GIVEN DATA
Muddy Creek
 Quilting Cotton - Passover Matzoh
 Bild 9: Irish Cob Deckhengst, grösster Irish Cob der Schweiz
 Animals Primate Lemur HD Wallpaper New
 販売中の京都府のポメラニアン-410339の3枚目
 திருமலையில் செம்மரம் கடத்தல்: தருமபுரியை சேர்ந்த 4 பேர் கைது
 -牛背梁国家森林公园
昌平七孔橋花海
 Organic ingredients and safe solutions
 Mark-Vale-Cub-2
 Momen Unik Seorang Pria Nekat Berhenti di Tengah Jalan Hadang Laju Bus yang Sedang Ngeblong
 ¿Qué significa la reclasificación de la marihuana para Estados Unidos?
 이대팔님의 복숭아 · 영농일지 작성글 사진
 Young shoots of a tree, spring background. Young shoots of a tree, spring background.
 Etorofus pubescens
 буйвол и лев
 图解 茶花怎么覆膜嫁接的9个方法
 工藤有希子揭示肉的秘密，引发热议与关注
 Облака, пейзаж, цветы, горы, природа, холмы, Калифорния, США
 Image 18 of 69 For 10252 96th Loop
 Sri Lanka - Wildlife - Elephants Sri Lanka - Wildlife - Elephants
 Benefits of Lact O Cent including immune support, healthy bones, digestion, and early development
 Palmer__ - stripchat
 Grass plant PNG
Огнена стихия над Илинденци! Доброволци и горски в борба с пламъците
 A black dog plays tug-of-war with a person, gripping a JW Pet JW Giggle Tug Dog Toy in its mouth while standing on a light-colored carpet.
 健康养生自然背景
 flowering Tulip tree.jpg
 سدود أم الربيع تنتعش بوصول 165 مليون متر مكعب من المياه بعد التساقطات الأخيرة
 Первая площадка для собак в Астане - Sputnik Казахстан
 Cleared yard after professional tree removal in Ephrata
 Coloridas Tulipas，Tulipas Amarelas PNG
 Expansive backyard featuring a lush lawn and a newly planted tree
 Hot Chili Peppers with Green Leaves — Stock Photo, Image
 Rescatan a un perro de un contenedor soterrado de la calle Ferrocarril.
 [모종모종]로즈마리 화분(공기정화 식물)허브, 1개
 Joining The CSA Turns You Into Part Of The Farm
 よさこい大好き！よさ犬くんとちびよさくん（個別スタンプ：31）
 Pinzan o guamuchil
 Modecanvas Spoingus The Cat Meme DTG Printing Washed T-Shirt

WORK INSTRUCTIONS
Nothing but the lines from the one that contains "Benefits of Lact" through the end of the data above should appear, each reproduced exactly.

OUTPUT OF THE EXERCISE
 Benefits of Lact O Cent including immune support, healthy bones, digestion, and early development
 Palmer__ - stripchat
 Grass plant PNG
Огнена стихия над Илинденци! Доброволци и горски в борба с пламъците
 A black dog plays tug-of-war with a person, gripping a JW Pet JW Giggle Tug Dog Toy in its mouth while standing on a light-colored carpet.
 健康养生自然背景
 flowering Tulip tree.jpg
 سدود أم الربيع تنتعش بوصول 165 مليون متر مكعب من المياه بعد التساقطات الأخيرة
 Первая площадка для собак в Астане - Sputnik Казахстан
 Cleared yard after professional tree removal in Ephrata
 Coloridas Tulipas，Tulipas Amarelas PNG
 Expansive backyard featuring a lush lawn and a newly planted tree
 Hot Chili Peppers with Green Leaves — Stock Photo, Image
 Rescatan a un perro de un contenedor soterrado de la calle Ferrocarril.
 [모종모종]로즈마리 화분(공기정화 식물)허브, 1개
 Joining The CSA Turns You Into Part Of The Farm
 よさこい大好き！よさ犬くんとちびよさくん（個別スタンプ：31）
 Pinzan o guamuchil
 Modecanvas Spoingus The Cat Meme DTG Printing Washed T-Shirt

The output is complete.